2) Day Routines: 10 Rules of Recovery: Try and wake at same time every morning. Yoga Flow Routine. Classical Music
3) Treat every day and night the same whether you have a game or not, that way we don’t make games too important. It is just another opportunity to learn and improve.
4) Day of if you aren’t in the lineup:
- Use BP and Inf/Of as your game. Use notebook to track execution
- Time up Pitcher before game.
- Pick a spot in the lineup to go through your at bat routines
- Do a chart
- Warm up the pitcher in between innings, corner OF
- Make sure you pick up defenders with their hat and glove
5) If you are in the lineup
- Make sure you have a designated spot for all your equipment
- Time up pitcher during his warm ups
- Cycle of Success: up 5th get all your equipment, up 4th breath and visualize, up 3rd time up pitcher, on deck play the at bat with the guy in front of you, up to bat walk to plate with big body language, get your sign, before you get in box “Big breath in through nose, exhale release and say “relax”, step in box “in box” routine, if nothing happens rinse and repeat.
- After at bat, use a release of some sort, can also journal your at bat.  Once the helmet and batting gloves come off, it is time to get ready to play defense.  Both sides of the ball are equally important.
- Defense, know what you are going to do with the ball before it is pitched each and every pitch. Prep step routines every pitch,  Same thing before every pitch big breath, exhale release and say “relax”.

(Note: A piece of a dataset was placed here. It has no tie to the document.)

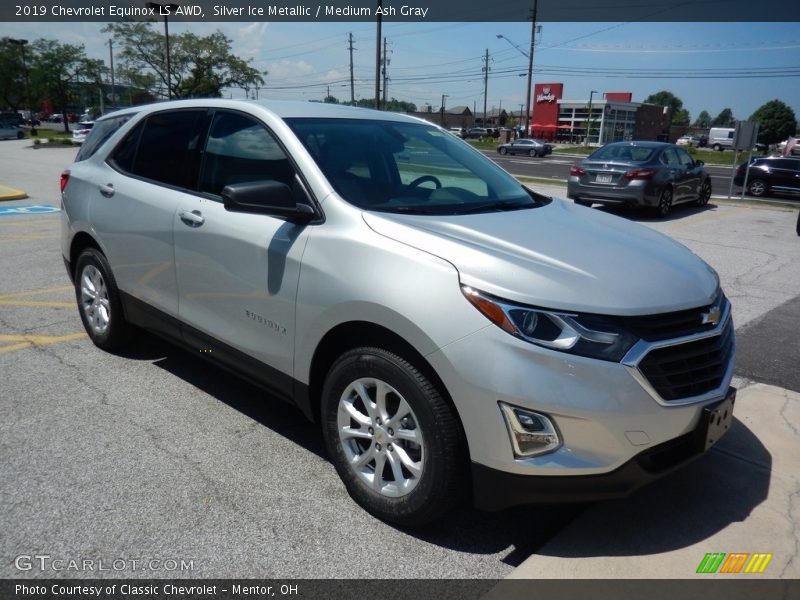 Silver Ice Metallic / Medium Ash Gray 2019 Chevrolet Equinox LS AWD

6) Offensive Approach Goals
- Nobody on base: See how many line drives you can hit off the pitchers forehead
- One drag or push bunt in fair territory each game, 1-1 count is a great count to try on and assume it will be a breaking ball. Great count to try it on because you have a chance of getting a hit on a breaking ball or seeing it longer and taking it for a ball so you can hit in a 2-1 count.
- Runner at 1B no outs, drag bunt for hit and will at least get a SAC bunt out of it.

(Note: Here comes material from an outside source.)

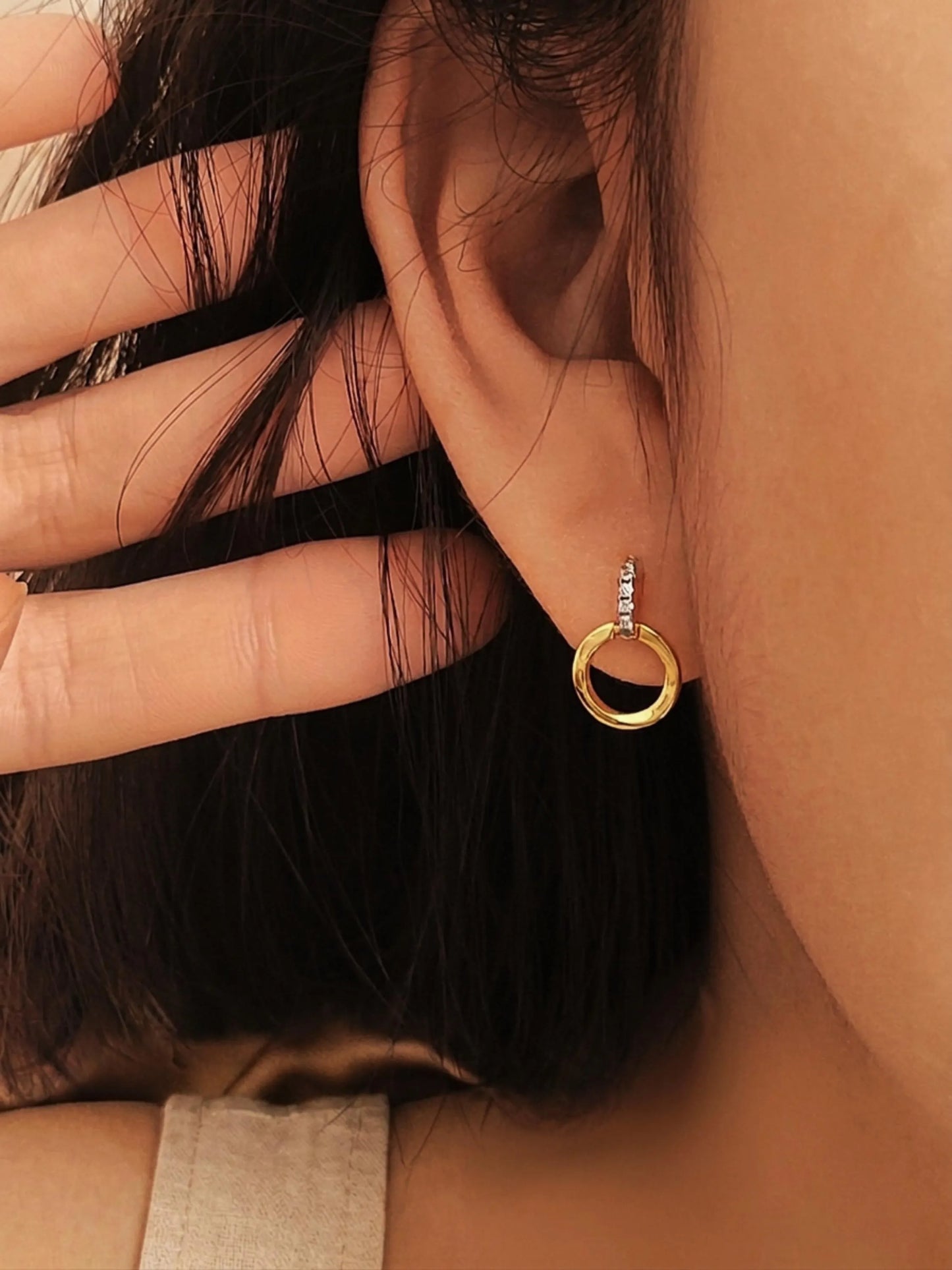 Halo Drop Stud Earrings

- Runner on 1B 1 out, trying to hit in the 4 hole to get runner from 1st to 3rd. Also have a bigger hole to hit into with 1B holding runner
- Runner at 2b no outs, drag bunt or groundball to 2B if you are swinging away to move the runner
- Runner at 2B 1 out, base hit up the middle to score runner
- Runner at 3B No outs or 1 out, infield back gball to 2B, infield in Line drive off the pitchers forehead.
7) Defensive Goals
- Field every routine groundball and throw through your target. Know what you are going to do with every ball pitched.
8) Baserunning Goals
- Put pressure on the defense
- Move up 90 feet every opportunity on ball in dirt reads, stealing or advancing on errant throws
9) Be into the game and be a great teammate.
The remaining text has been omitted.